If the encoder was frozen I would expect it to produce the same outputs as a fresh instance of the pretrained encoder, but it doesn’t:
model_fresh = BertForMaskedLM.from_pretrained('bert-base-uncased')
inputs = tokenizer("This is a boring test sentence", return_tensors="pt")
torch.all(model.bert(**inputs)[0].eq(model_fresh.bert(**inputs)[0]))
--> tensor(false)
So I must be doing somethin wrong here, I guess the Trainer is reseting the requires_grad attribute and I have to overwrite it somehow after I instanciated the trainer?
Looking at the source code of BertForMaskedLM, the base model is the “bert” attribute, not the “base_model” attribute. So if you want to freeze the parameters of the base model before training, you should type
for param in model.bert.parameters():
param.requires_grad = False
@nielsrbase_model is an attribute that will work on all the PreTraineModel (to make it easy to access the encoder in a generic fashion)

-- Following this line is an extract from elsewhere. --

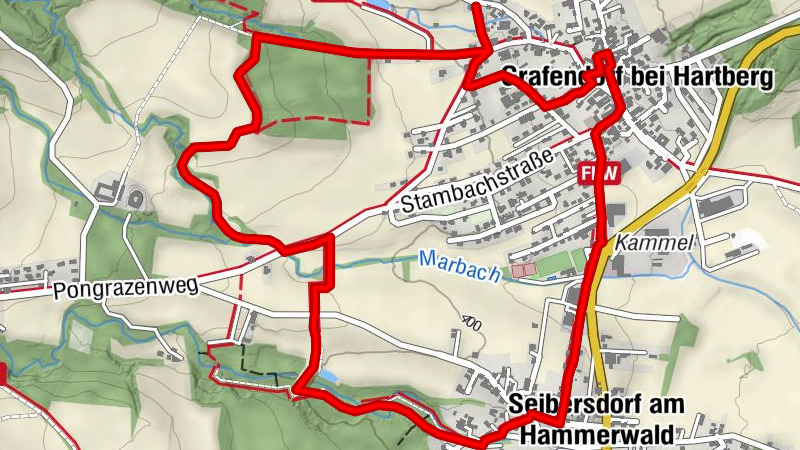 60er Roas, Grafendorf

The Trainer puts your model into training mode, so your difference might simply come from that (there are dropouts in the model). You should check if putting it back in eval mode solves your problem.
yeah, this is because you are using roberta instead of bert, therefore it uses .roberta to store the encoder. I believe there is some model independant keyword like “base_model” or something, but I dont know right now (im on vacation, but maybe you can try or google it). Hope that helps!